It only took Gray Fox ten minutes to figure out that someone had deleted the file he was looking for. It took him ten seconds to realize it was Polos and Cain. He checked his coat, taking out the small taser he had used on Nai. “Polos!”
Cain and Polos were standing by the time Grey Fox arrived. He crossed his arms. “You deleted the schematic.”
“Yep.”
Polos pushed Cain. “Don’t… tell him that!”
Cain just rolled his eyes. “So, we’re at a stalemate.”
Grey Fox shook his head. “No, we are not. You two tell me how to deactivate those force fields and I won’t kill you. See?”
Cain grumbled. “I’m still God’s-”
“The moment I have that field down, I’m going to activate this totally operational Oculus beam and finally complete project Raiden. We’ll get sucked back into our world and right behind us will be energy.”
“You’ll have to figure out the field by yourself.” Cain said, crossing his arms.
Grey Fox shrugged. “Fine.”
He darted forwards, throwing a punch at Cain. He hurriedly deflected the blow, but Grey Fox had gotten his taser under Cain’s guard. He jolted up, and his artificial arm contracted. Polos gasped. “Hey!”
He attacked. He managed to land a single glancing blow to Grey Fox’s jaw before he was thrown, Grey Fox levering Polos by the arm onto his back with a whoosh. “Argh! You old bast-”

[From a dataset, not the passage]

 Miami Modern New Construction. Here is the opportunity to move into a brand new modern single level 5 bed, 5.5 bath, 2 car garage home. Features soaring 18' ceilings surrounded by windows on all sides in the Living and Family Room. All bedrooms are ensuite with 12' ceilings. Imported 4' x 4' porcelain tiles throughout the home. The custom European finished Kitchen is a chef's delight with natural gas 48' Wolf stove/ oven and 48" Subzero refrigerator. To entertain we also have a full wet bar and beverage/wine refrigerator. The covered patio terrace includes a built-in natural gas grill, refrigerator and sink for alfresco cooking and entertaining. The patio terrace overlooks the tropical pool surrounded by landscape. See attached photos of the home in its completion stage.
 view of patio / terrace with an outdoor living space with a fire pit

Grey Fox slipped a concealed knife from his sleeve and had embedded it in Polos’ neck before he could stand. He died instantly.
Cain was supposed to be unconscious, and it sure felt like he was. However, he saw Polos die and Grey Fox spit on his corpse before walking across the bay towards the field generators. “Guh…”
Cain pushed on the floor with his arms. He fell over again. Grey Fox looked over from the first generator. “Oh? Are you still awake?”
He grinned and stuck his head inside the generator’s casing. “Aha! Not as sophisticated as I thought!”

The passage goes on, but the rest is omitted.